Record excerpts:
■ ■ ■ ■ ■ ■ ■

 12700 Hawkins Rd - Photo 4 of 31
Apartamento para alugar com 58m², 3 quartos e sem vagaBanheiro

■ ■ ■ ■ ■ ■ ■

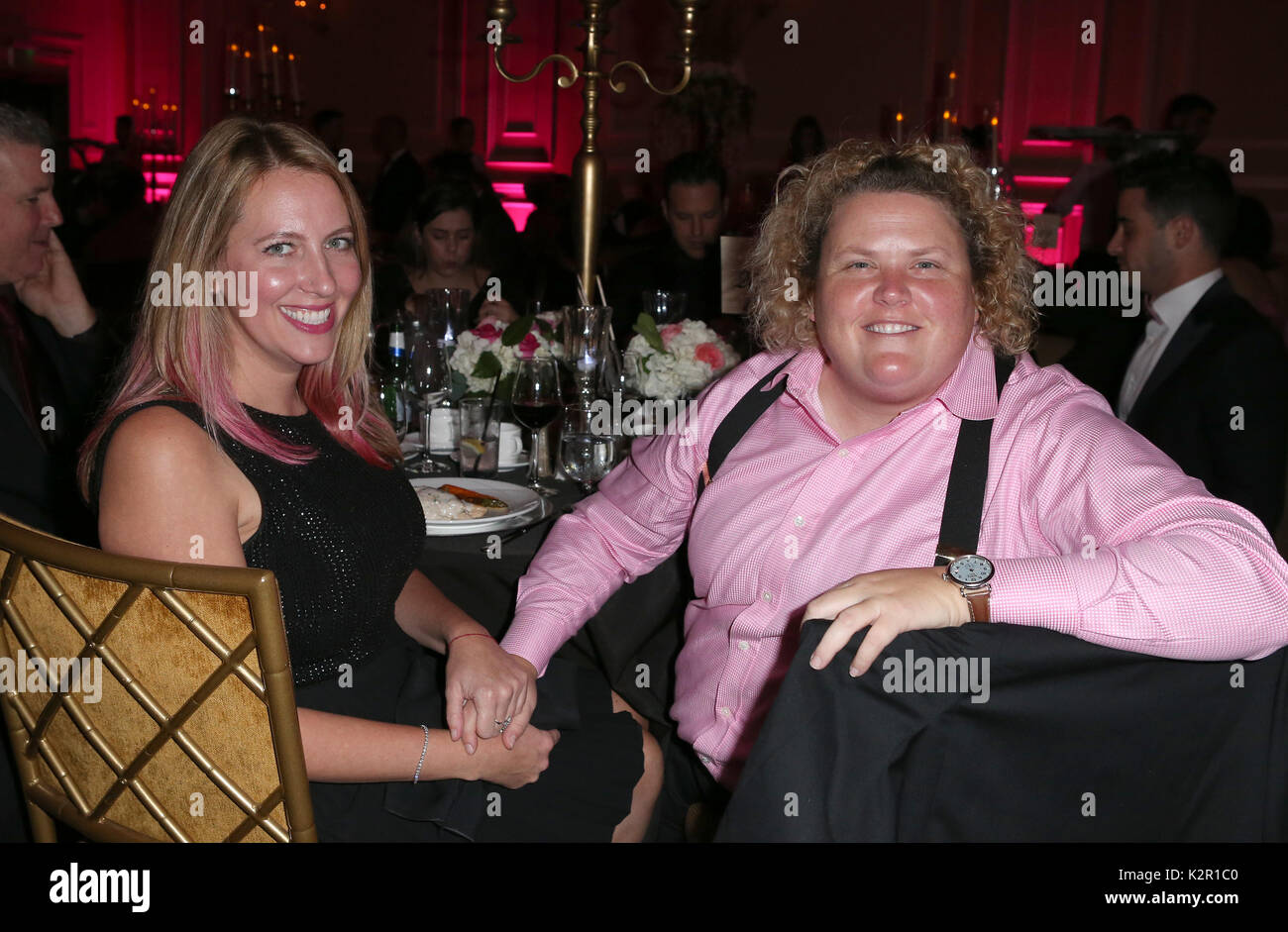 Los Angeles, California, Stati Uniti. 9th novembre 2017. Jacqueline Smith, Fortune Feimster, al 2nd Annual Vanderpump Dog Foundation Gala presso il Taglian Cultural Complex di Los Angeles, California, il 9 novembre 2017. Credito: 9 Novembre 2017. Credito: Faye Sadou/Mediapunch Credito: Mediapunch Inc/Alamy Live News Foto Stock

■ ■ ■ ■ ■ ■ ■

What you need to do: All lines in the listing above from the line containing "12700 Hawkins Rd - Photo 4 of 31" to the line containing "Apartamento para alugar", inclusive, should be retyped exactly; no other lines should appear.

Output for this exercise:
 12700 Hawkins Rd - Photo 4 of 31
Apartamento para alugar com 58m², 3 quartos e sem vagaBanheiro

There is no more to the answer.